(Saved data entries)
· · · · ·
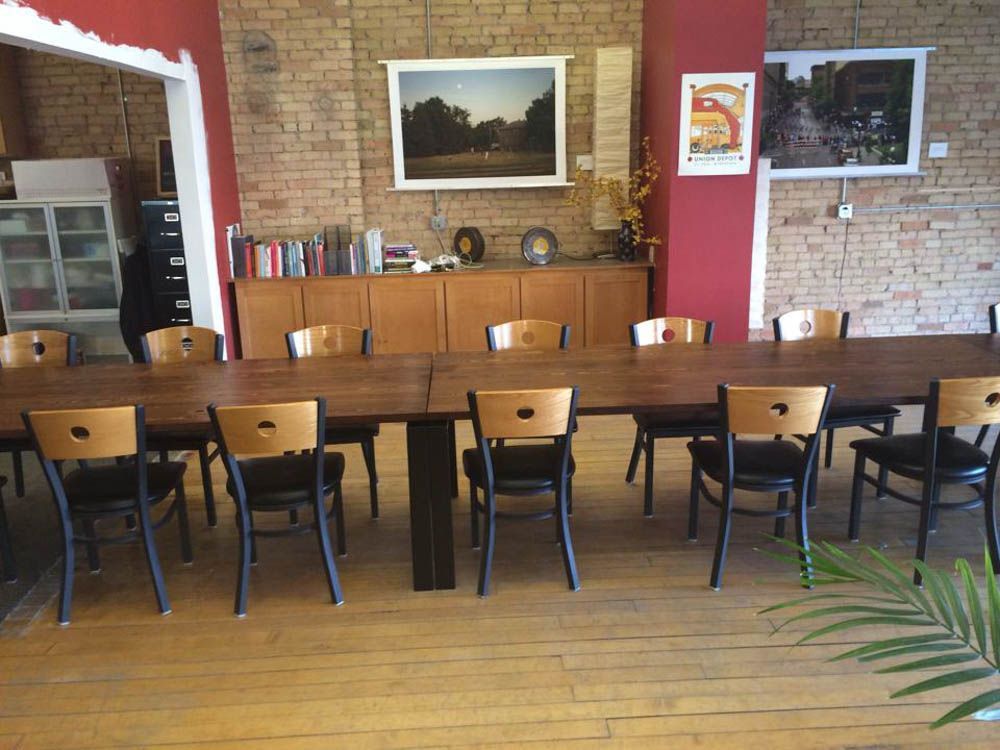A long table with chairs in a room with a brick wall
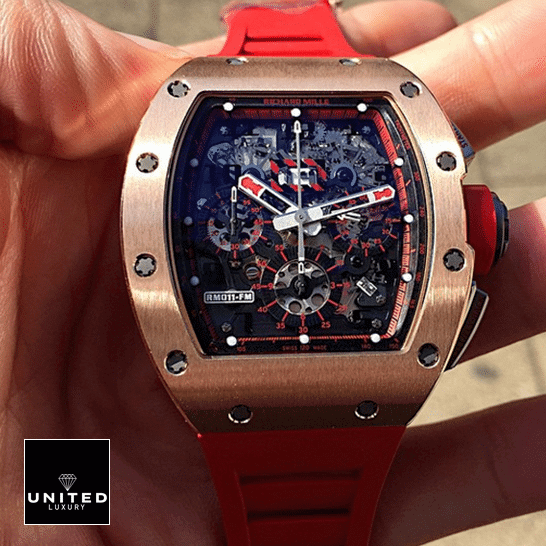 Richard Mille RM011 Red Bracelet Gold Bezel Black Dial  on the hand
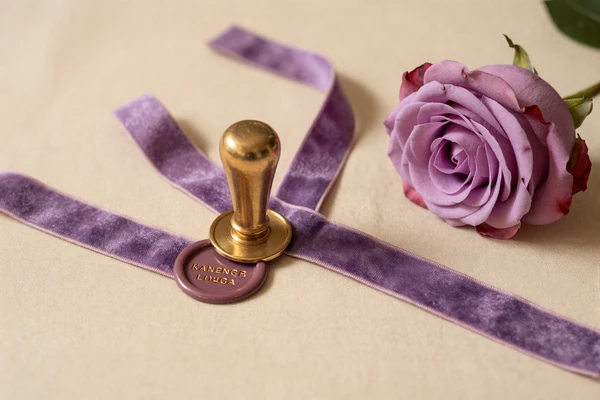 Velvet ribbon and plum rose still life illustrating the fetish and SPH category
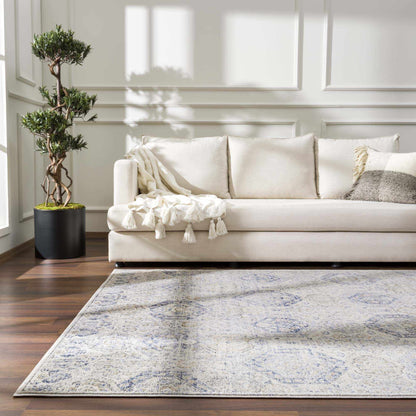 Parkerfield Cream & Blue Area Rug by Boutique Rugs with cream and blue pattern under beige sofa on Tampa Home & Garden Store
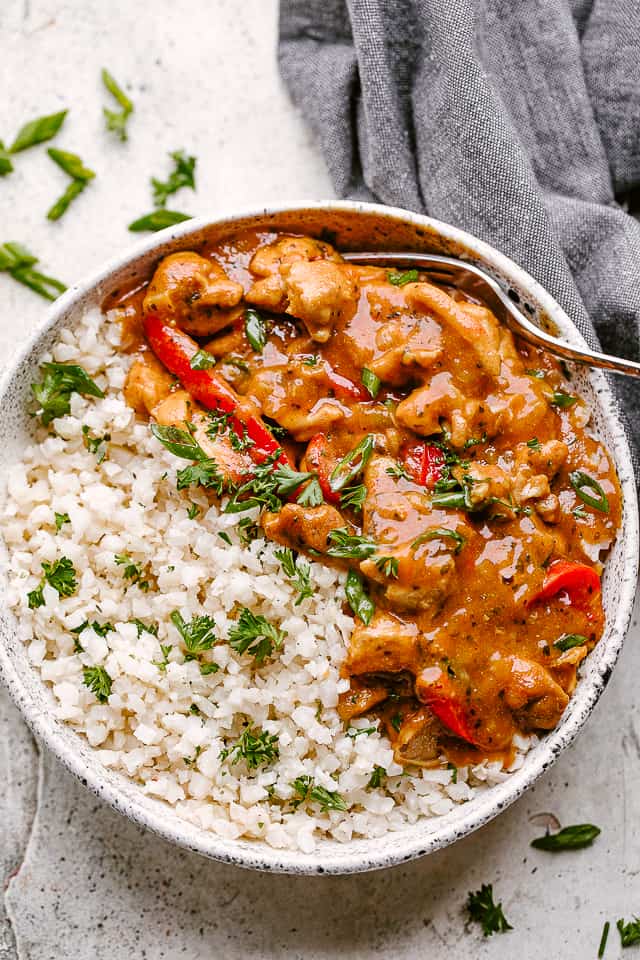 Instant Pot Coconut Chicken Curry Served in a bowl with a side of cauliflower rice.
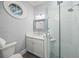 Stylish bathroom features a glass-enclosed shower, elegant vanity, and charming nautical-themed wallpaper at 5569 Cape Leyte Dr, Sarasota, FL 34242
· · · · ·
§ **WORK ORDER**
Give the lines again word for word, from the start of the records to the line holding "Instant Pot Coconut", both included, and leave out any picture.

§ **ANSWER BOX**
A long table with chairs in a room with a brick wall
 Richard Mille RM011 Red Bracelet Gold Bezel Black Dial  on the hand
 Velvet ribbon and plum rose still life illustrating the fetish and SPH category
 Parkerfield Cream & Blue Area Rug by Boutique Rugs with cream and blue pattern under beige sofa on Tampa Home & Garden Store
 Instant Pot Coconut Chicken Curry Served in a bowl with a side of cauliflower rice.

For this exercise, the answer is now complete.